In our format change, our primary objective was to reduce the size of sparse files on disk, thereby increasing the quantity of files we can store on local SSDs and improving the file cache hit ratio. The concept was straightforward: we recognized that the strings dictionary occupied a significant portion of the header space and a relatively non-negligible portion of the overall file (~6%). We pondered the possibility of redistributing this dictionary across the columns.

To ensure that this alteration would yield benefits without introducing regressions, we needed to validate our theory that there was minimal overlap between the strings used in different columns. Otherwise, this change might result in significantly larger file sizes as the same strings would exist in multiple dictionaries instead of one. The validation process was simple; we introduced a new metric comparing the number of distinct strings per file to the sum of distinct strings across all columns per file and compared the two. As expected, given the nature of our customers’ data, the numbers were nearly identical, with the latter being only slightly larger at times.

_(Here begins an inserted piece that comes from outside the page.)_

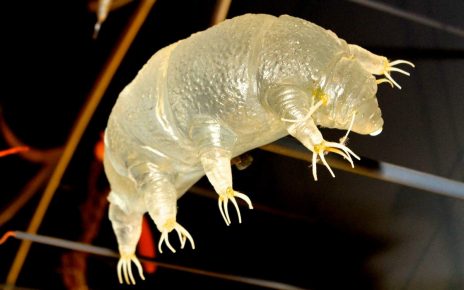 Tardigrade ili vodeni medvjed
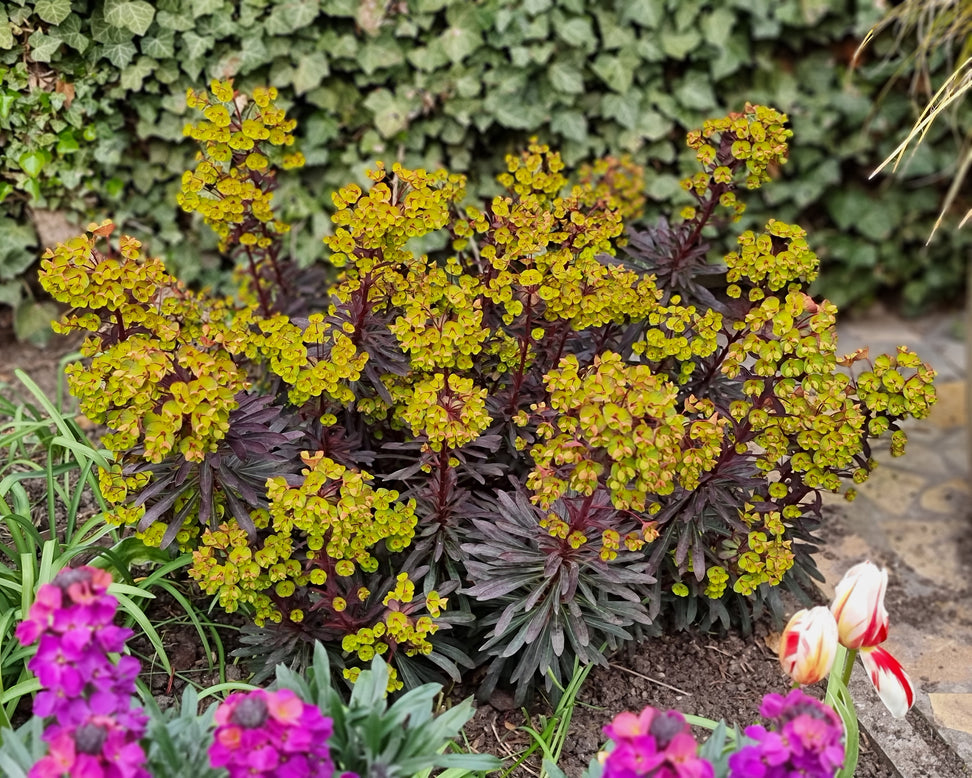 Euphorbia 'Miners Merlot'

Building on the previous example, the updated file structure after moving the global strings dictionary from the file header to the columns headers now appears as follows: each of the five columns now occupies 19.9% of the file space, including an additional 0.9% that previously belonged to the header. When downloading only a single column, only 20.4% of the file is required. Compared to the old format, this version results in sparse files that are 15% smaller.

Bonus Performance gain

The adoption of significantly smaller dictionaries per column translates into improved CPU cache performance, as it ensures that all the necessary strings reside contiguously in memory. Previously, with one global dictionary, the strings for a single column could have so many interleaving strings that are not of interest to the query. It’s worth noting that we directly access the on-disk dictionary using mmap, without undergoing any transformation into an alternative in-memory structure.

Results

Since deploying the new format four months ago, we observed a notable decrease in our average file loaded percentage, which declined from 26% to 21%. Effectively allowing us to store 15% more files in our SSD cache. We anticipate that this figure will continue to get better. This is because we opted not to retroactively convert the old files to the new format, and a substantial portion of the files stored in the SSD cache pertain to data that is older than six months. (Our customers frequently query data spanning from recent months to several years in the past.)

In conclusion, our recent format enhancements represent a significant step forward in optimizing the performance and efficiency of Mixpanel’s ARB database. These improvements not only reduce storage overhead but also enhance query server performance, leading to a more seamless and responsive user experience. We are committed to continually refining our technology to better serve our customers’ evolving data analytics needs.

--

--